* Exercise objective:
Since pictures are not part of the copy, please output only the lines from the one with "17, 8:17 am" through the end of the data below, exactly as written.

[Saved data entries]
________

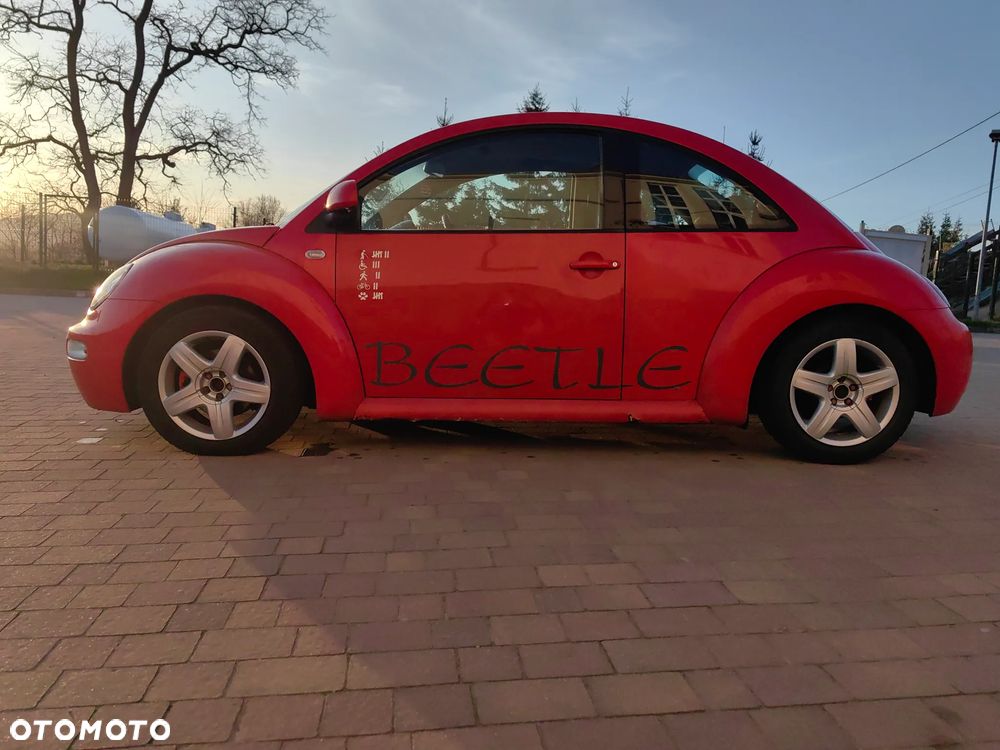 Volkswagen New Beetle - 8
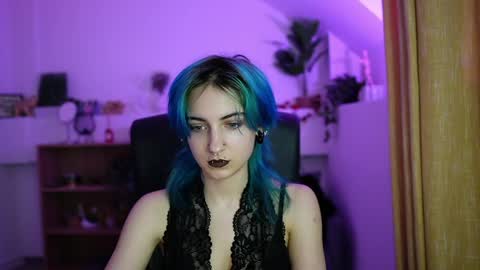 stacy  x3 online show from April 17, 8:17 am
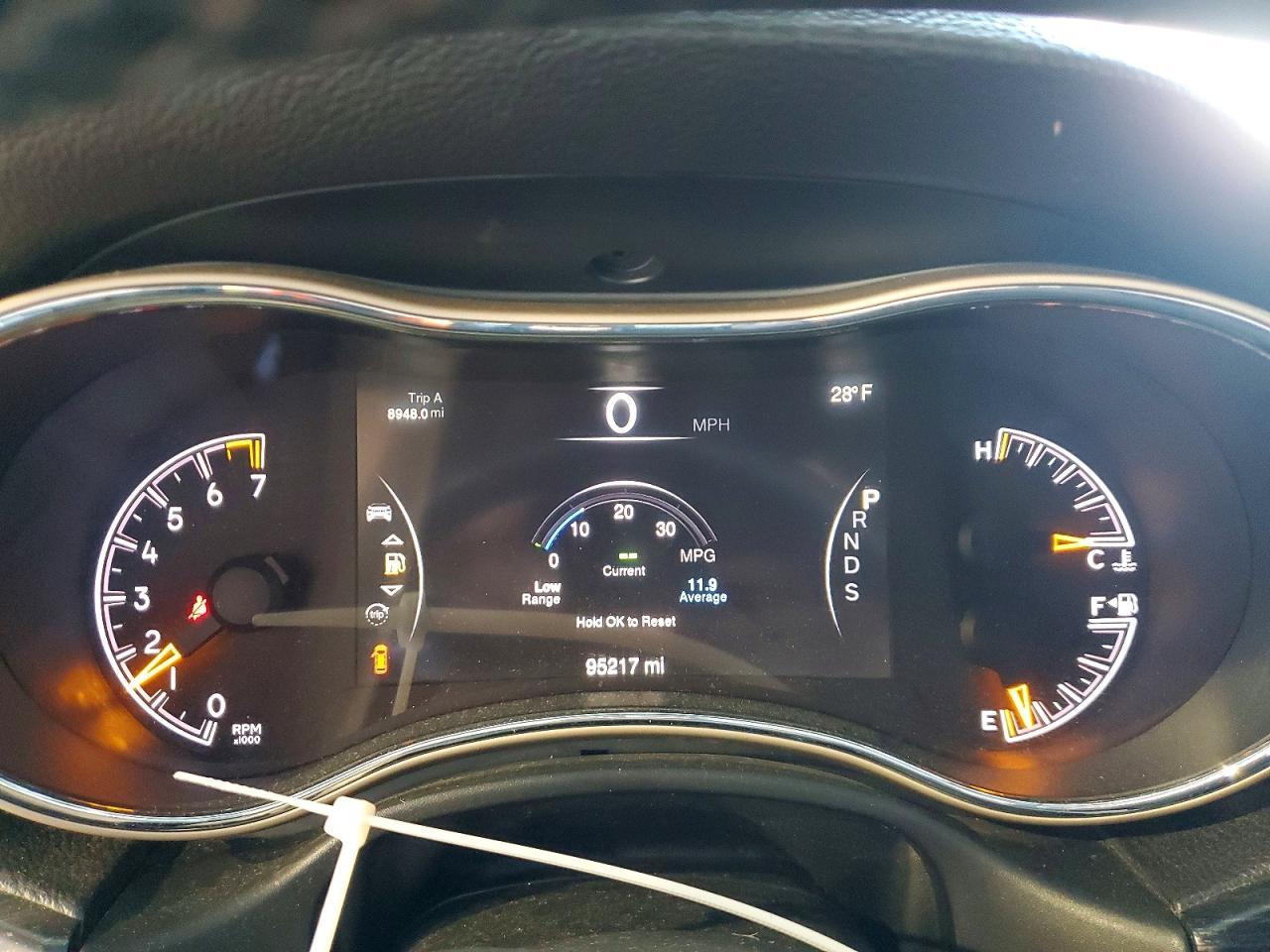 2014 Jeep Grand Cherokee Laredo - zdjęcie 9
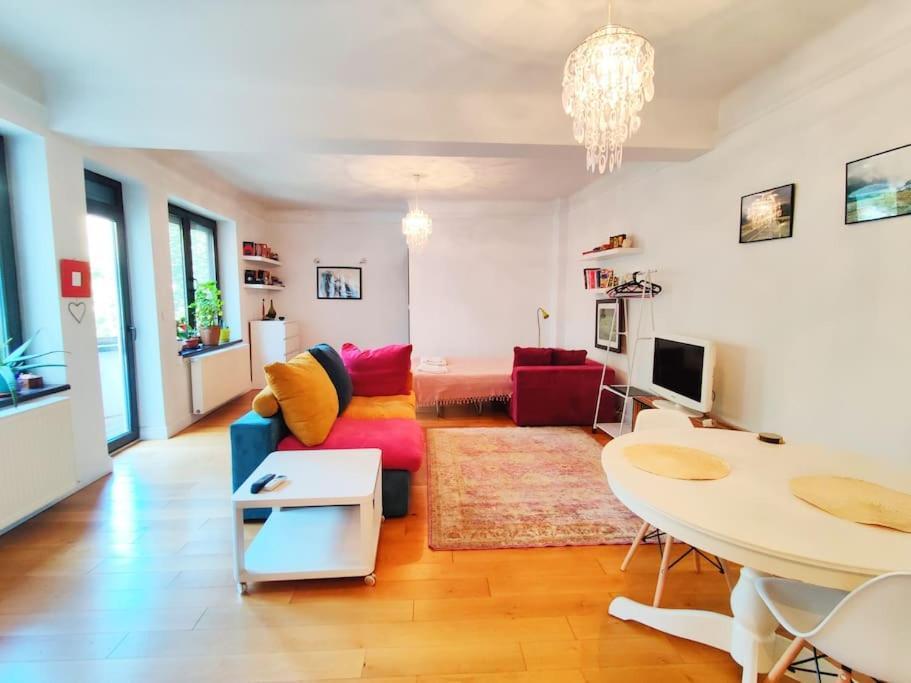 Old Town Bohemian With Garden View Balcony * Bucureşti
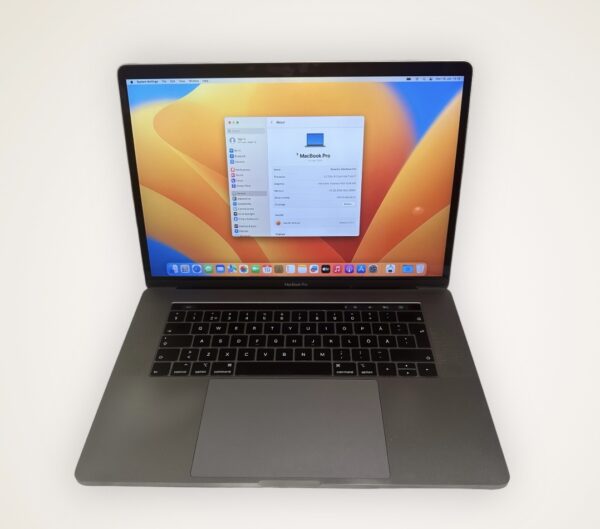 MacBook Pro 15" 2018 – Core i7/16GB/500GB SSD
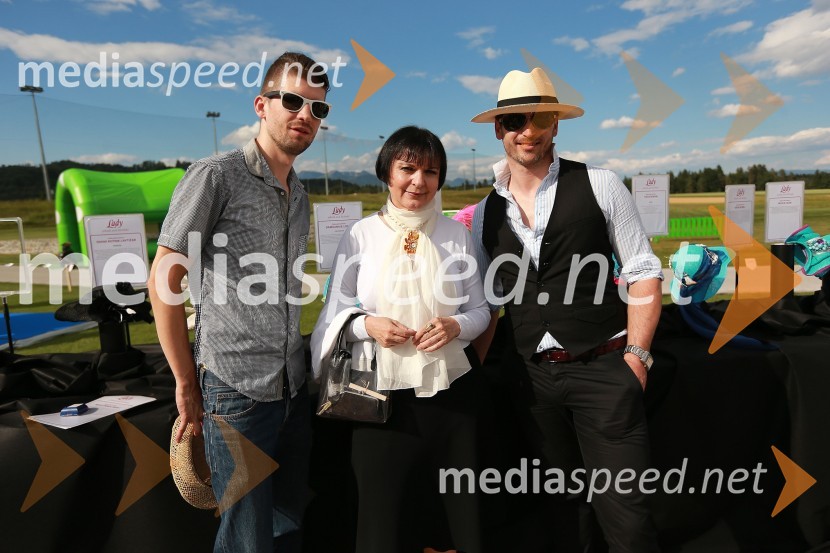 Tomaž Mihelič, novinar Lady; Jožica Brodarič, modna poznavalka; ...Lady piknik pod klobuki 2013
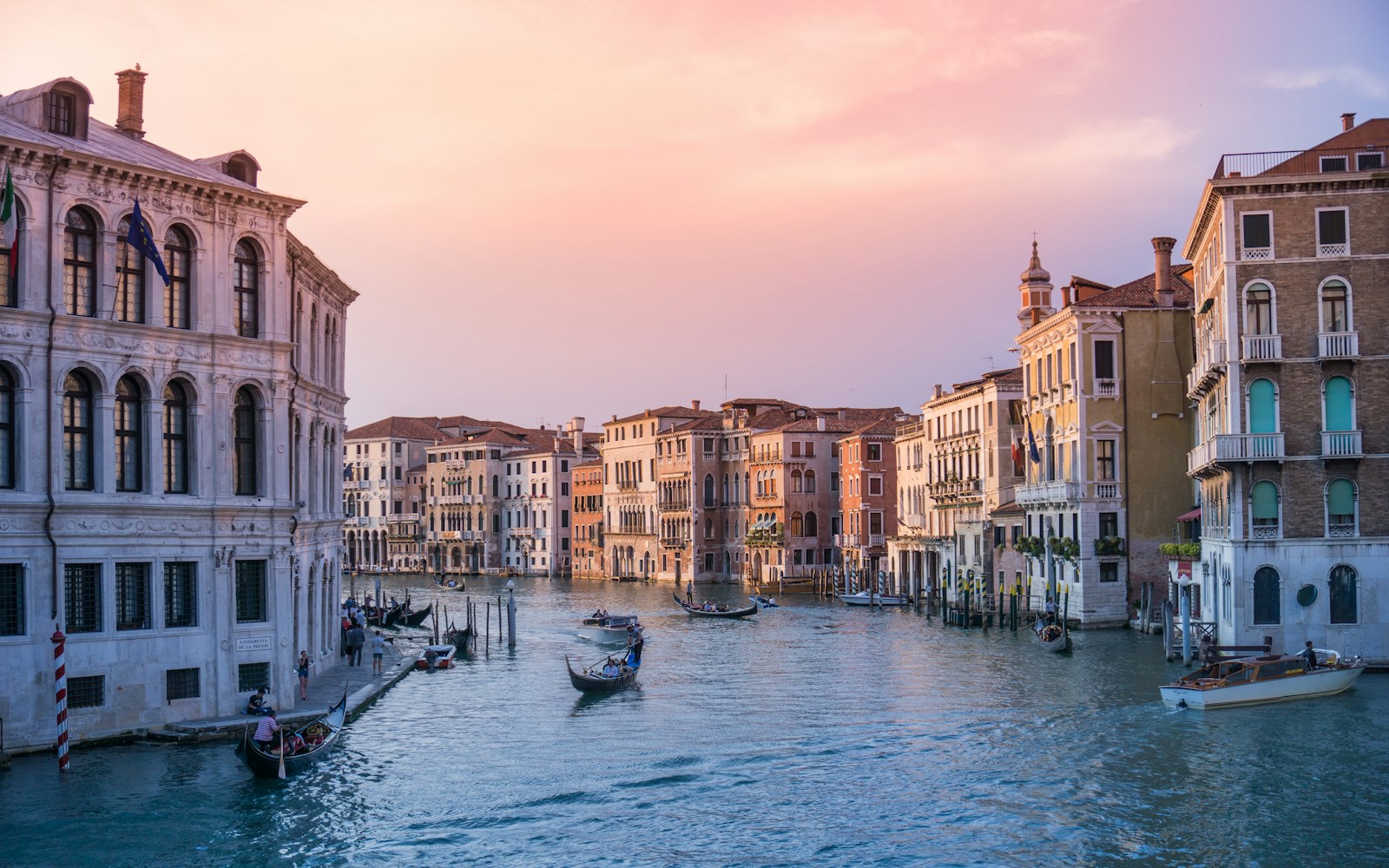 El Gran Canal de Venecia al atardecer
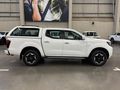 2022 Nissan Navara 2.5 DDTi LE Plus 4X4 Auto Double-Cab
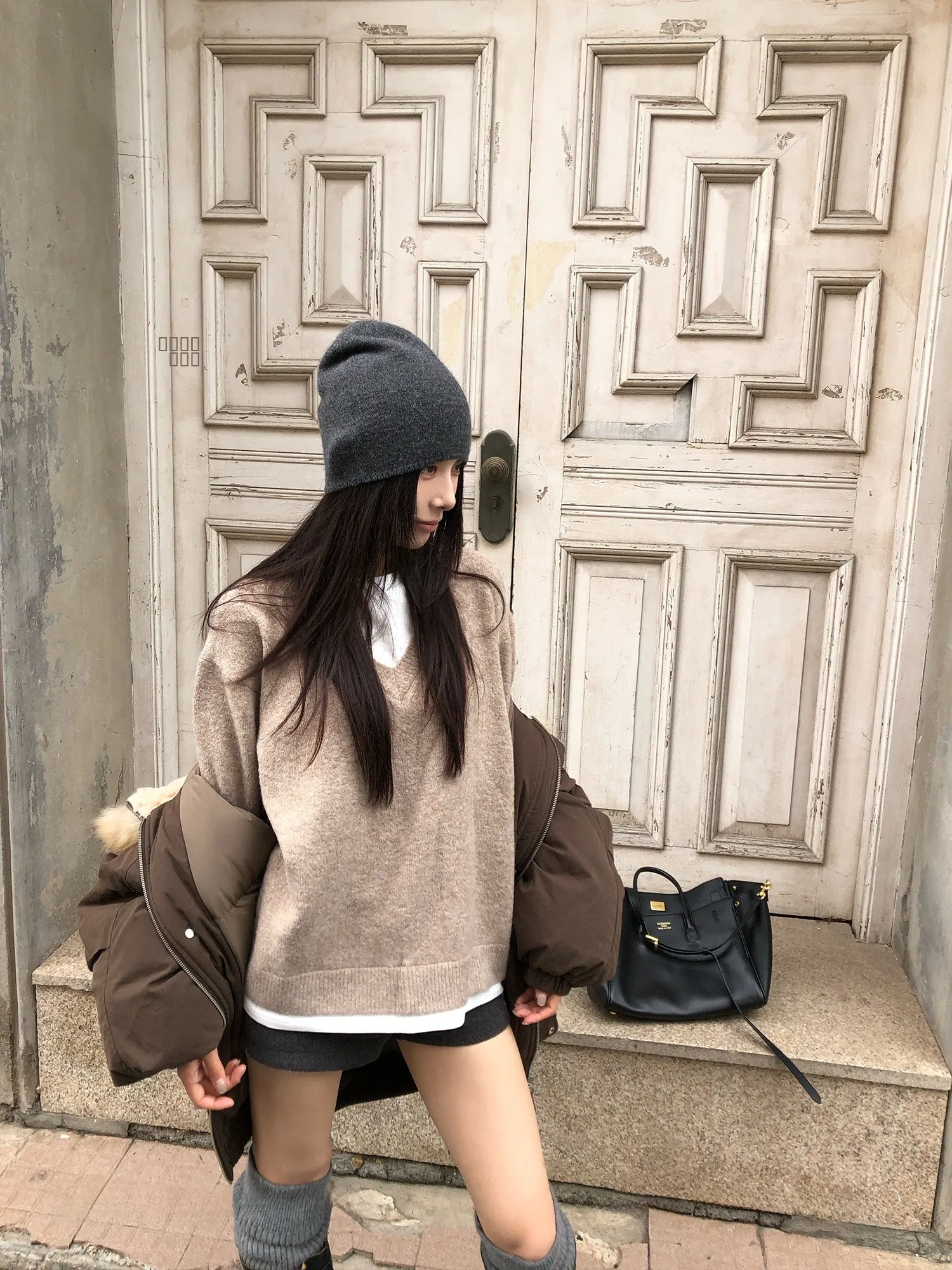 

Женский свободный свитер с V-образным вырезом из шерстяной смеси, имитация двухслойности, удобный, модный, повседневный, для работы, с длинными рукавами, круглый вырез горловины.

________

* Solution to the problem:
 stacy  x3 online show from April 17, 8:17 am
 2014 Jeep Grand Cherokee Laredo - zdjęcie 9
 Old Town Bohemian With Garden View Balcony * Bucureşti
 MacBook Pro 15" 2018 – Core i7/16GB/500GB SSD
 Tomaž Mihelič, novinar Lady; Jožica Brodarič, modna poznavalka; ...Lady piknik pod klobuki 2013
 El Gran Canal de Venecia al atardecer
 2022 Nissan Navara 2.5 DDTi LE Plus 4X4 Auto Double-Cab

Женский свободный свитер с V-образным вырезом из шерстяной смеси, имитация двухслойности, удобный, модный, повседневный, для работы, с длинными рукавами, круглый вырез горловины.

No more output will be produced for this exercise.